Anything Under the Sun

By Atty. Rex S. Salvill

THE vicinity of the tragedy itself is a rich fishing ground of the province which supplies food not only for the island but also for Iloilo City. It is also a virtual aquarium full of coral reefs — habitat of many indigenous exotic marine creatures like decorative fishes, sharks (bagis), manta rays (pagi), octopus (kogita), lobster (banagan), deep sea crabs (kasag), rare delicious sea shell (imbao) and rare red shrimp (pasayan nga pula). As of this writing, already 15.8 square kilometers of coral reefs are already affected in Nueva Valencia alone.

The coral reefs must really be very abundant considering that it was here where the coral stones of the entire Molo church were extracted a hundred years ago. This could have been the reason why the people of Nueva Valencia adopted Santa Ana — the patron saint of Molo, as also their patron saint.

The situs of the 1,100-hectare Taklong Island Marine Reserve of the University of Philippines in the Visayas which conducts scientific experiments on marine life is also here. The first Mariculture Park of the Southeast Asia Fisheries Development Center (SEAFDEC) was likewise situated here. These two are already reached by the oil spill thus diminishing their scientific values.

There is great fear that the oil spill will spread to the two richest fishing grounds of the country itself – Visayan Sea to the north and Sulu Sea to the east.

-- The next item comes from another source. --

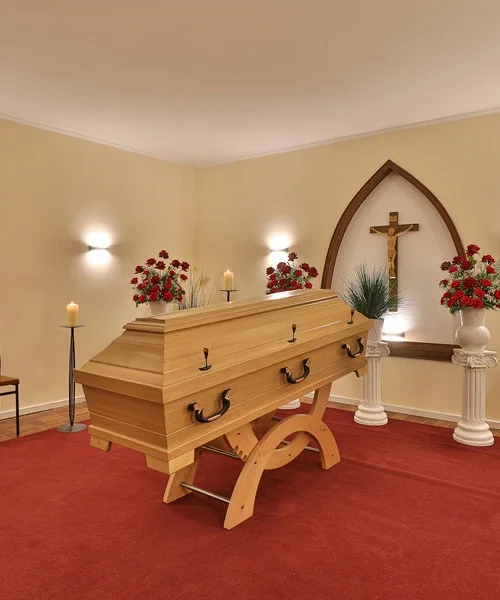 Aufbahrungsraum Freuer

The northern waters of Guimaras is an arm of the Visayan Sea. This vast expanse of water borders on Panay, Negros, Cebu, Masbate and Bohol. It is so rich a fishing ground that it once made Estancia (a northern town of Iloilo) as “Alaska of the Philippines”. Its main produce are salmon (guma-a when dried), sardines (tabagak when dried) and squids. These three were canned in Estancia before the war by the government-owned National Canning Factory.

Once the oil spill rush northward on Guimaras Strait, it will cause destructions along its way on the western beaches of Negros Occidental where green shells (in Talisay and Silay) and angel wings shell – the delicious diwal, in Valladolid, Pulupandan and Pontevedra), both abound.

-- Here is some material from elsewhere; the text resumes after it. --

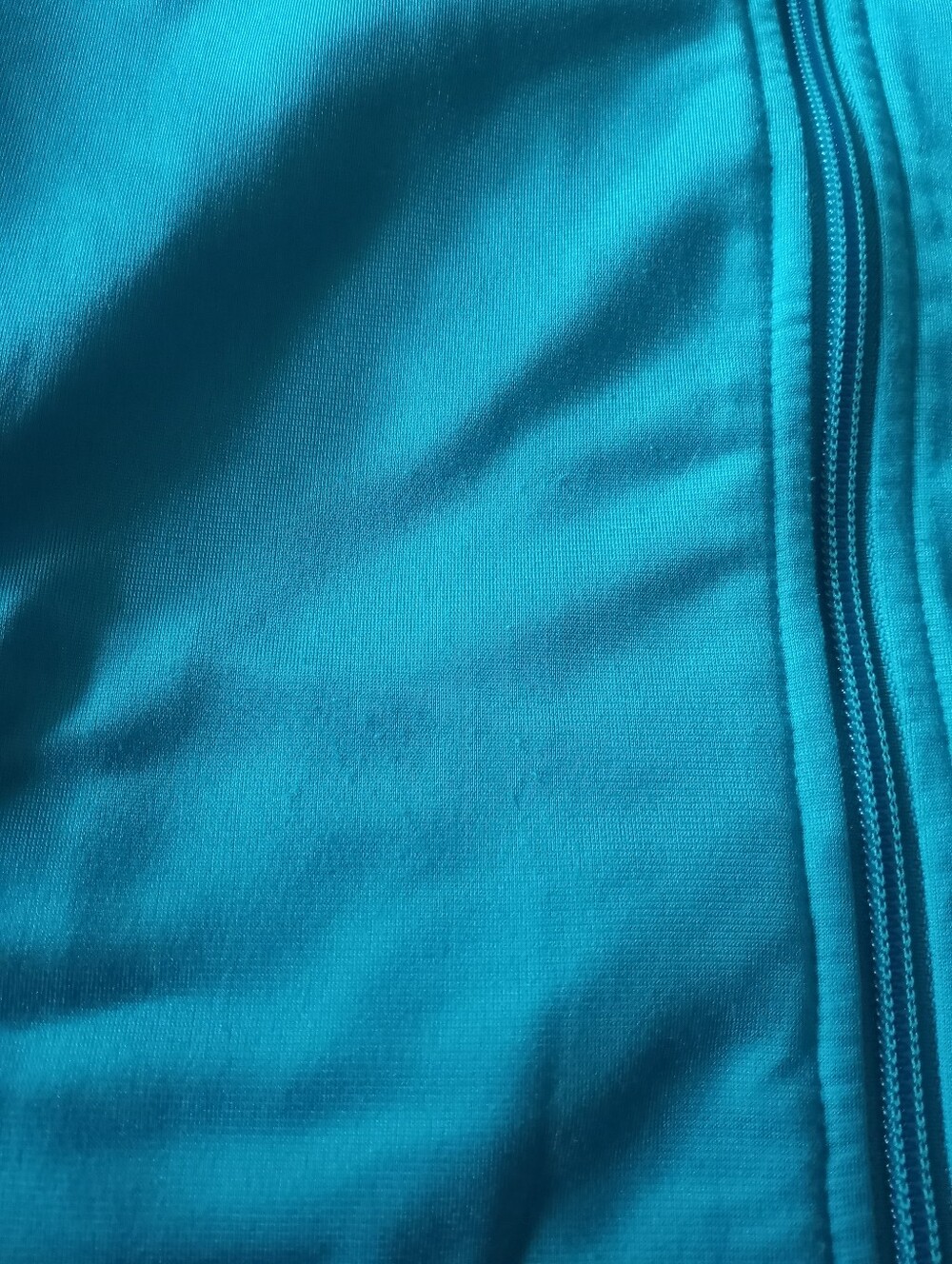 Adidas Long Sleeve Zip Up Jacket - Picture 11 of 11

The oil spill will then continue northward laying waste the eastern beaches of Guimaras and Iloilo where most of the fishponds of Iloilo are located (Zarraga, Barotac Nuevo, Dumangas, Ajuy, Concepcion and Balasan). These fishponds produce the most delicious milkfish (bangus) in the country due to its peculiar soil mix created by various kinds of silts from mangroves and flooding rivers. As of this writing, the oil spill has already reached the coastal barangays of Ajuy and Concepcion.

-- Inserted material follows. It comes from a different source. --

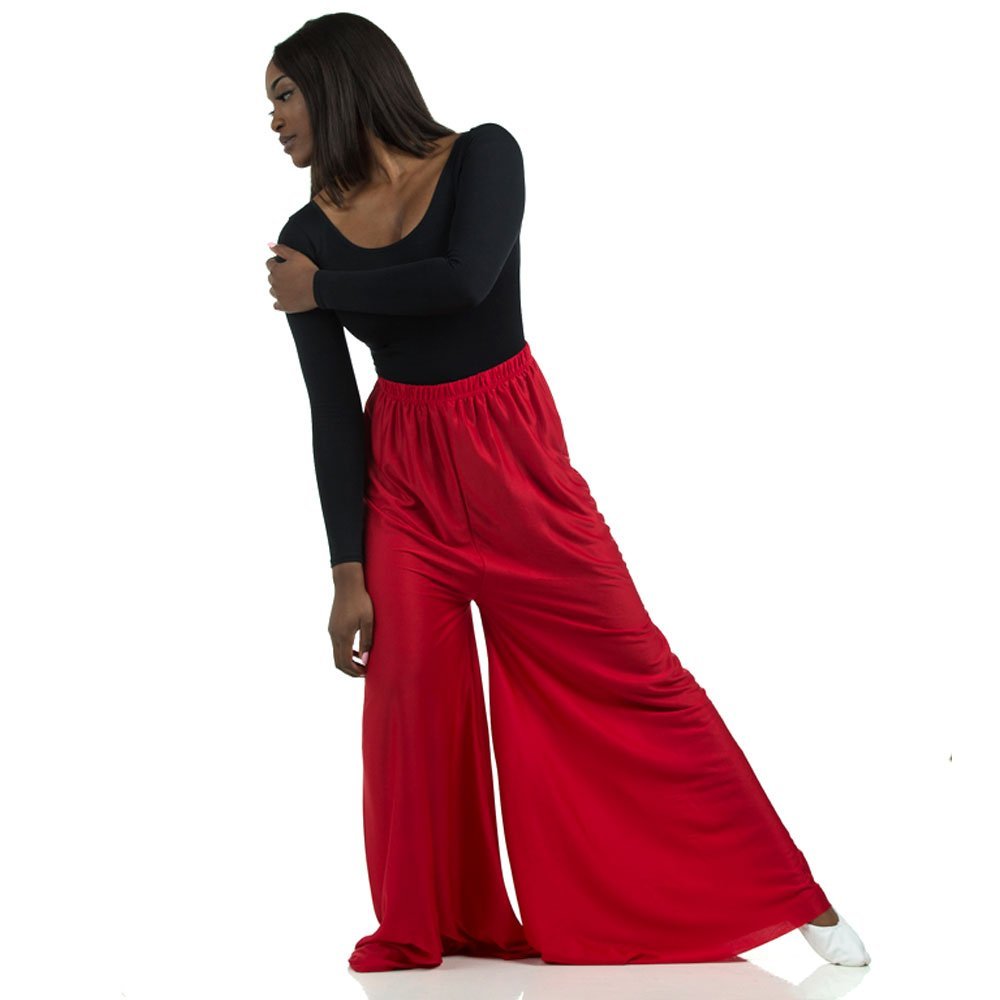 Danzcue Celebration of Spirit Palazzo Pants - Click Image to Close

On the other hand, should the oil spill rush southeastward, it will flow into the Sulu Sea which makes Antique the tuna (panit) center of the Philippines next to General Santos. Along the way, it will also damage the beaches in southern Iloilo, western Antique and perhaps, may eventually reach the internationally-famous Boracay in Aklan.

The oil spill will also kill marine animal life on the coastal municipal waters including those inside fish pens (punot) thus depriving thousands of fishermen of their livelihood. As of this writing, in Nueva Valencia alone, more than 4,000 fishermen are already jobless.

The bangus industry aside from being destroyed directly will also be indirectly affected because of the killing of bangus fries in the coasts of Antique – the main source of these fries.